All seven are white men, which is not altogether surprising. Not mentioned is that Meadows, Trump's erstwhile chief of staff, had joined CPI as its Senior Partner in January.

So, let me get this straight. My quarterly donation of 5 cents is going to a group with no apparent address, phone number or staff, presumably to cover some unspecified legal expenses. And it might not even be tax deductible. That's all I could find by taking Miller's advice to go to his new website to "learn all about" AFL.

Who knows? Maybe it will end up being a more substantial entity like CPI. Now, to be honest, I hadn't heard about CPI before now, but it turns out to be something.

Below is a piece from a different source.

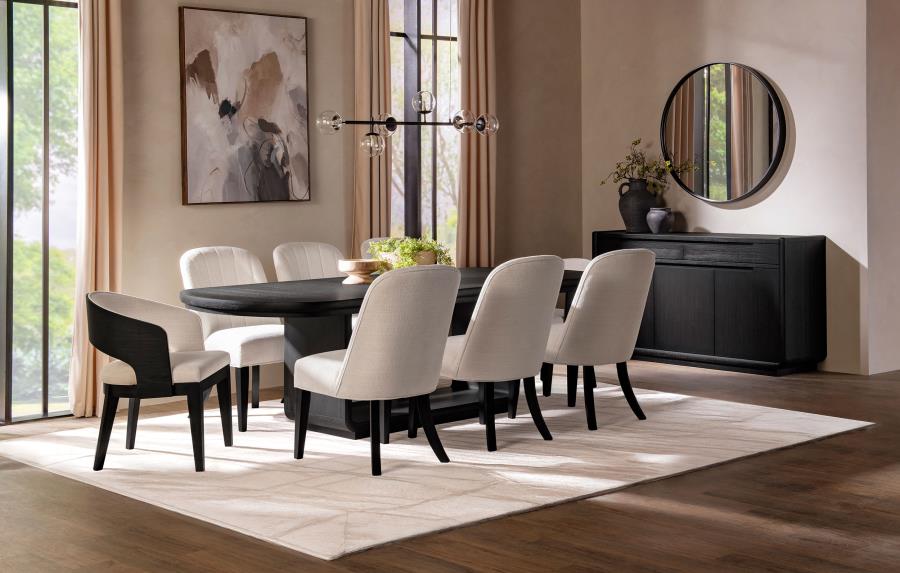 Leandro Upholstered Dining Arm Chair Cream (Set of 2)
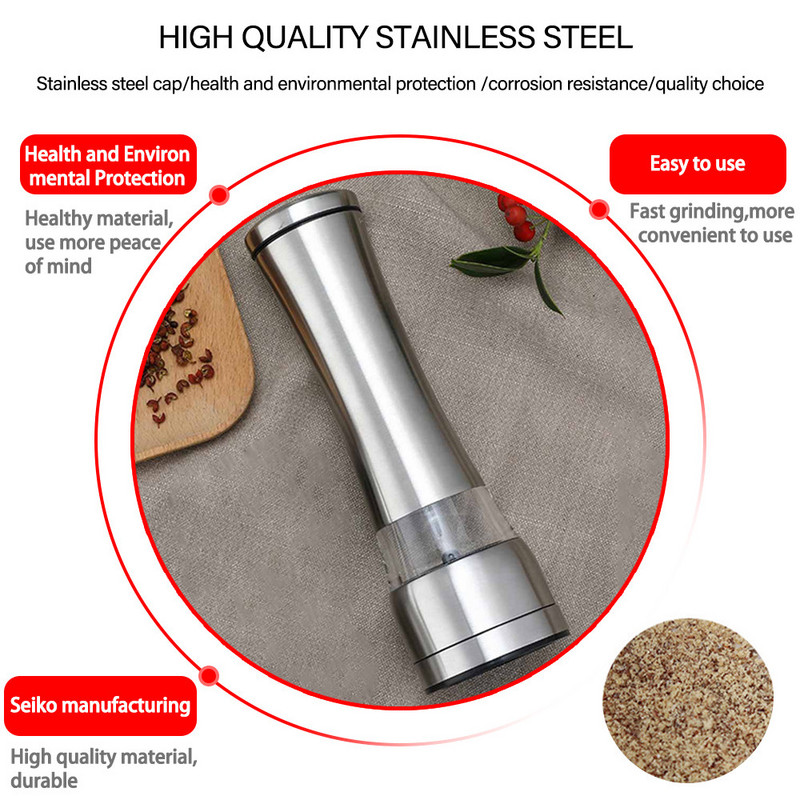 Mașină de tocat piper din oțel inoxidabil Moara manuală pentru sare, piper, orez, ierburi, condimente, freze ceramice creative pentru gătit în bucătărie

The organization was formed in 2017 by former Senator Jim DeMint, R-South Carolina.

CPI states this on its "About" page: "Washington is an easy place to become overwhelmed. We're supporting, training and educating conservatives to advance their principles in the nation's capital (sic)."

CPI is a little more specific than AFL on its "Support" page. For memberships ranging from $25 to $10,000, "your support for CPI will help our team of Capitol Hill veterans train, equip and unite conservatives in Washington."

Somehow, that's tax deductible, according to the CPI website. CPI lists 14 staffers. All of them, of course, are white people-- including DeMint, Meadows, Corrigan and Denton.

The most recent tax form easily accessed online for CPI was from 2018: Form 990 (Return of Organization Exempt from Income Tax). In the filing, CPI reported revenues for $4.3 million in revenue and $4.2 million in expenses. The spending includes no dollars for advertising, which might explain why CPI isn't a household name.

But it must be delivering good results at the top, since roughly 20 percent of its revenues were used to pay its top three top employees, DeMint ($371,314), Denton ($280,030) and Corrigan ($212,740). The 2018 totals reflected dramatic growth over 2017. It's unclear what the numbers look like now.

The only 2021 public-record information regarding CPI's activities comes by way of ProPublica, in its cataloging of "privately funded travel by members of the House of Representatives.

Among those members of the House whose February travel to Miami was sponsored by CPI were Reps. Marjorie Taylor Greene, Lauren Boebert, Mo Brooks, Paul Gosar, Louie Gohmert, Jim Jordan, Andy Biggs and Randy Weber, according to ProPublica.

It is unclear whether Miller intends for AFL to become CPI when it grows up.